Le Comité de la liberté syndicale (OIT) sera-t-il surpris de constater que le gouvernement s’est encore une fois montré irrespectueux du droit des travailleurs de négocier leurs conditions de travail  ? Pis, qu’il a adopté cette loi spéciale dans des circonstances très similaires à celles de 2005  ? L’examen de la loi de 2011 risque donc d’aboutir au même résultat que celui produit par la loi de 2005, soit le constat de la violation des principes du droit international du travail. De surcroît, en regard du droit national et plus précisément de la décision Health Services and Support de la Cour suprême du Canada (2007) consacrant le caractère constitutionnel du droit de négocier collectivement, il est fort prévisible que la loi spéciale de 2011 sera déclarée inconstitutionnelle.

La loi spéciale votée par le gouvernement vise à assurer un objectif déjà prévu par la législation actuelle. En effet, selon les notes explicatives, la loi spéciale veut assurer la continuité des services publics. Or, la législation actuelle la garantit déjà en prévoyant le maintien des services essentiels en cas de grève, maintien d’ailleurs validé par le Conseil du même nom au cours des derniers mois. Dès lors, quelle est la raison d’être d’une loi spéciale destinée à contrecarrer une loi générale dont l’objectif est le même ? Considérant ce point, qu’en est-il de la prétendue urgence à intervenir par une loi spéciale pour assurer une continuité de service, déjà garantie par la loi générale ? En troisième lieu, et selon les termes mêmes du Code du travail, les parties, et notamment l’État, ont-elles négocié de bonne foi  ? La lecture des évènements sème allègrement le doute au sujet de la bonne foi de l’employeur, dans la mesure où les occasions de négocier semblent avoir été rarissimes. Enfin, la loi spéciale brime de manière absolue, et à l’encontre du bon sens, le droit de négocier collectivement les conditions de travail, ainsi que son corollaire, le droit de grève – bien que sa valeur constitutionnelle ne soit pas encore reconnue par la Cour suprême du Canada –, sans prévoir de mécanisme de substitution comme l’exigent les principes de base des relations collectives du travail.

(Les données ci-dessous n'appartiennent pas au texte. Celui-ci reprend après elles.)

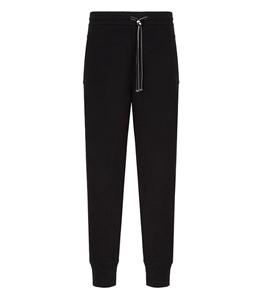 Emporio Armani - Pantaloni - pantaloni jogger in double jersey nero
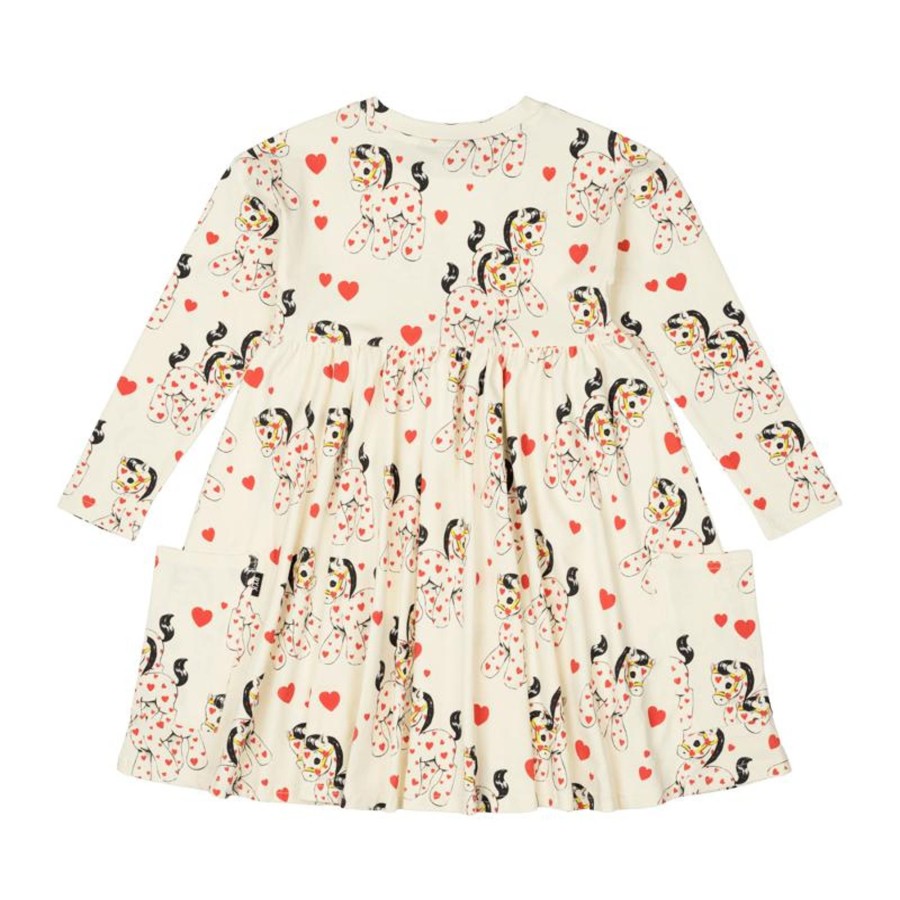 Child [2-14] Rock Your Baby Dresses | Rock Your Baby Xo Pony Long Sleeve Dress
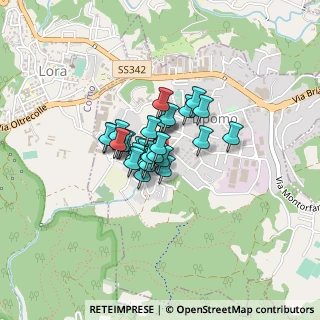 Mappa Via ai Ronchi, 22030 Lipomo CO, Italia (0.23214)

Quel respect des services publics  ?

Au-delà de la négation du droit constitutionnel de négocier collectivement les conditions de travail et du mépris de l’exercice du droit de grève, le comportement du gouvernement Charest à l’égard des travailleurs des services publics inquiète. Ce manque de considération conduit à s’interroger sur la place occupée par les services publics dans notre société. Un service public est un service que l’État juge si important pour l’intérêt général qu’il le protège en assurant son caractère public et en le protégeant de la concurrence privée. Après l’expérience difficile du Front commun, la résistance honorable de la FIQ ou encore la lutte des procureurs et des juristes de l’État, la valeur des services au bénéfice de l’intérêt général de l’ensemble de nos concitoyens – et non de «  clients  » – semble plus que jamais compromise, qu’il s’agisse de la santé, de l’éducation ou encore de la justice. Aujourd’hui, plus qu’hier, il est temps de nous dresser pour défendre les services publics et leurs travailleurs.